The primary objective behind financial management is profitability, which is to increase the owners’ interest, where performance refers to the firm’s ability towards acquiring and managing resources, using several methods, for the achievement of competitive advantage (Iswatia & Anshoria, 2007). Corporate performance is important to the strategic management domain of a firm and this includes its, innovation it employ and the like as this is what for-profit entities are concentrated on. In other words, for-profit entities, are by nature, fulfilling the demands of the public and as such, its financial performance is of major consideration (Naranjo-Valencia, Jimenez-Jimenez & Sanz-Valle, 2016; Ngunyu, 2013).
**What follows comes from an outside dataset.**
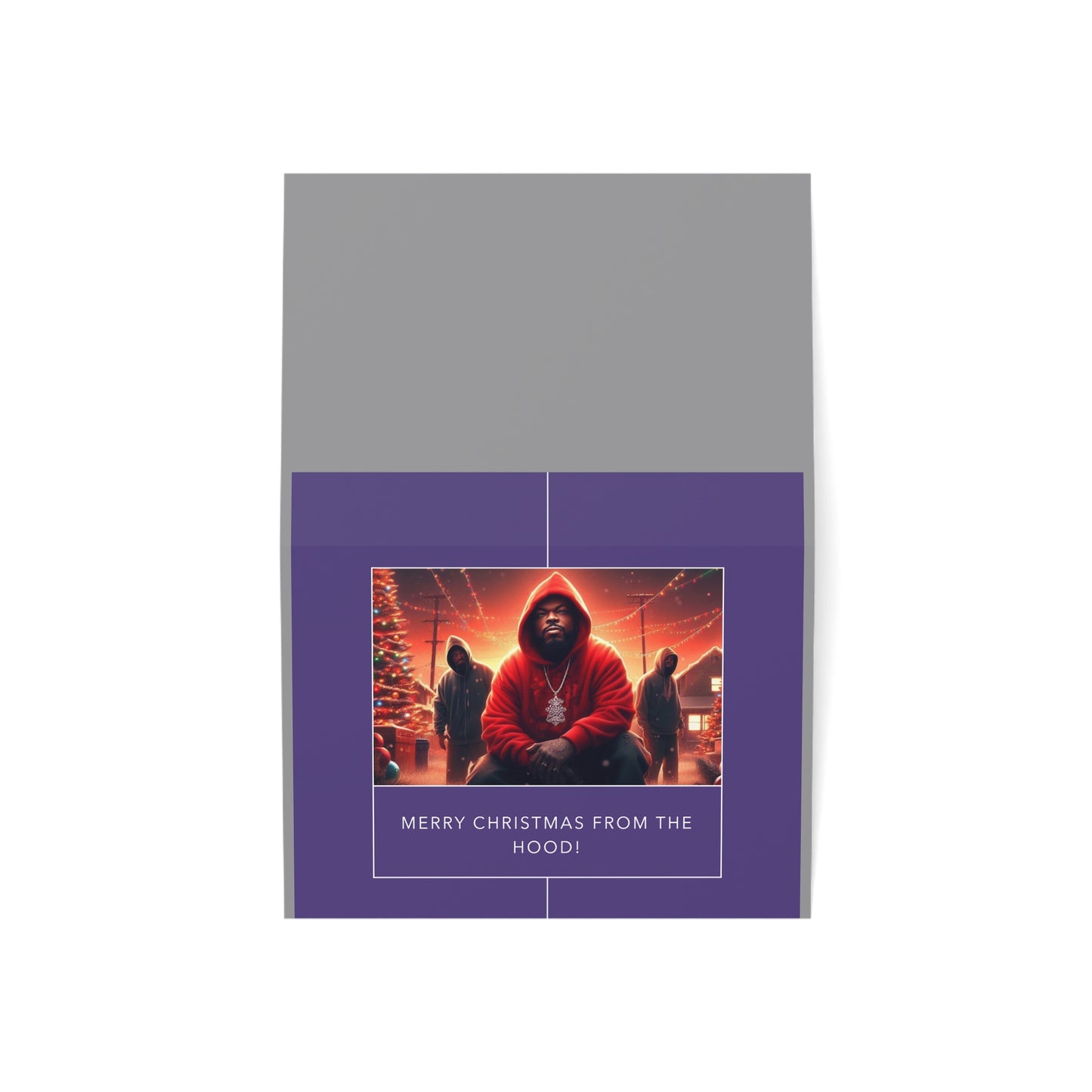 Christmas Greeting Cards (1, 10, 30, and 50pcs) - Merry Christmas from the hood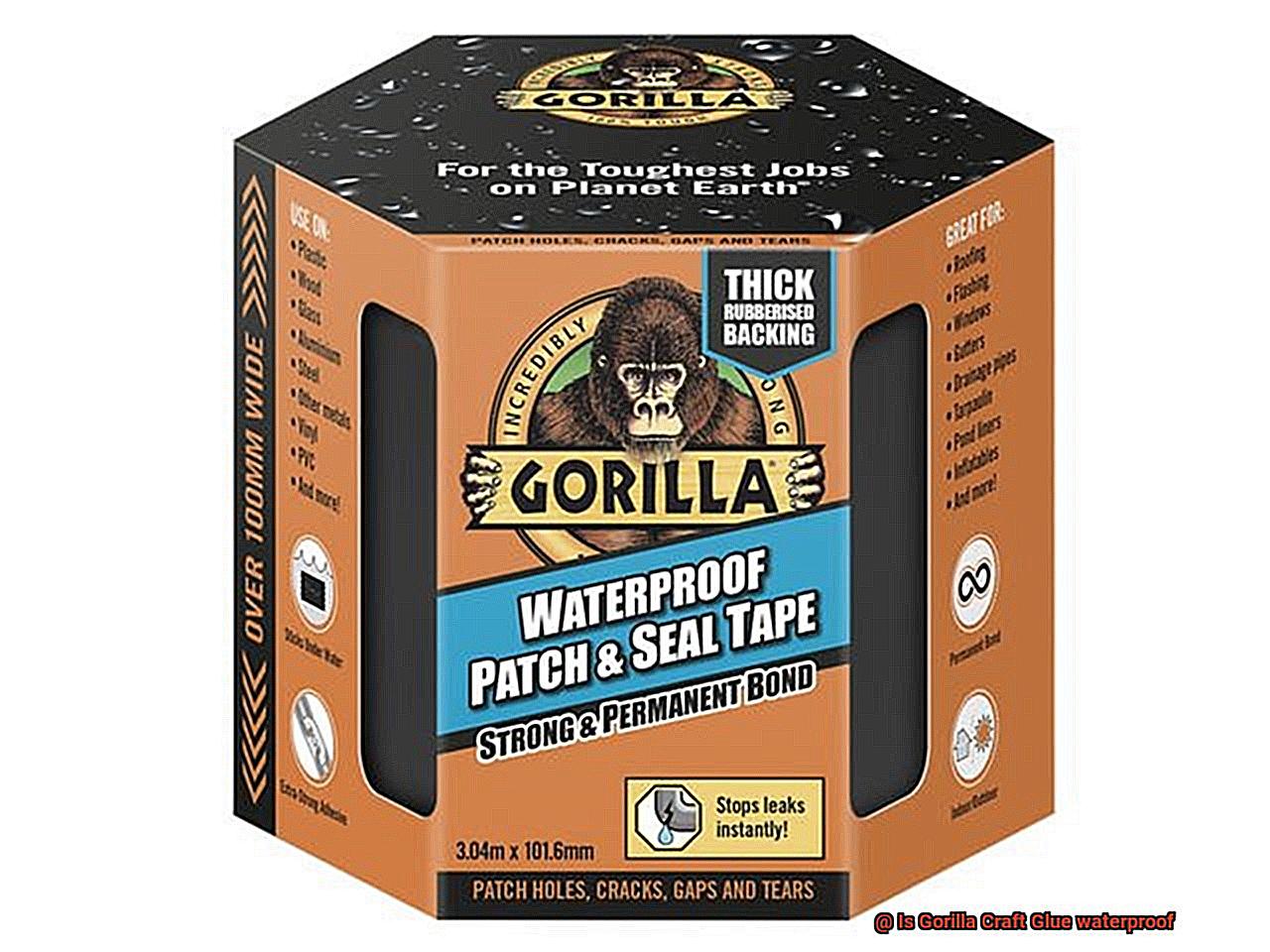 Is Gorilla Craft Glue waterproof-4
Corporate Environmental Performance

Throughout the past years, government sectors, policy makers, non-governmental entities, and the global firms has focused increasingly on the state of the environment (Berg & Lidskog, 2018; Rootes, 2014; Rosenbaum, 1977). The prevention of environmental challenges occurrence, has in fact, influenced the strategy and practice of firms in their efforts to prevent the delay of expensive projects. Along this line, innovative firms have begun to acknowledge environmental concerns as part of their business concerns that should have a place in corporate strategy, policies and practices (Muhammad, 2014).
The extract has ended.